Supplied material
___

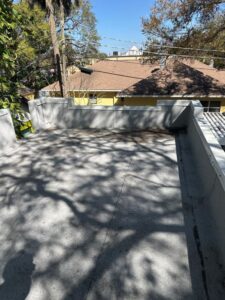 cleaning of a flat rooftop with shadows from surrounding trees and nearby houses visible in the background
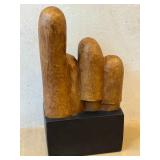 K - Replica Alva Museum Four Leaning Faces Sculpture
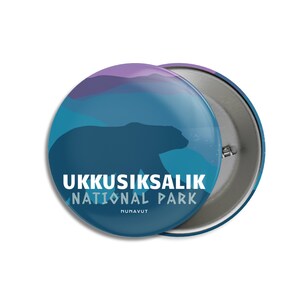 May include: A circular badge with a bear silhouette set against a blue and purple backdrop. The text "UKKUSIKSAALIK NATIONAL PARK" is in white, with "NUNAVUT" underneath. The badge has a metal pin fastening on the reverse.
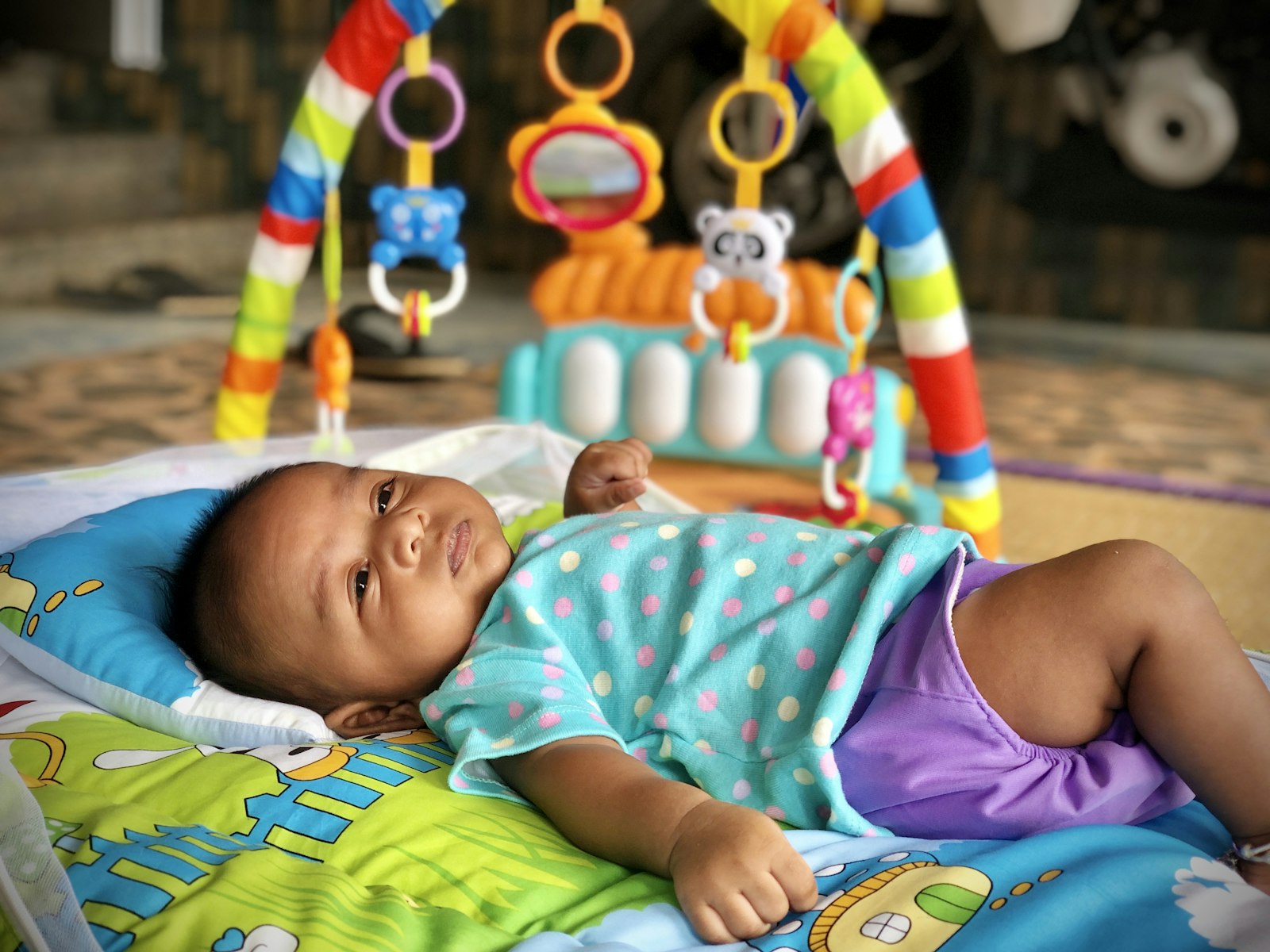 Bebé deitado num tapete de atividades com arco de brinquedos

___

Task goal
Repeat the material above exactly; pictures do not belong in the copy.

Response for this exercise
 cleaning of a flat rooftop with shadows from surrounding trees and nearby houses visible in the background
 K - Replica Alva Museum Four Leaning Faces Sculpture
 May include: A circular badge with a bear silhouette set against a blue and purple backdrop. The text "UKKUSIKSAALIK NATIONAL PARK" is in white, with "NUNAVUT" underneath. The badge has a metal pin fastening on the reverse.
 Bebé deitado num tapete de atividades com arco de brinquedos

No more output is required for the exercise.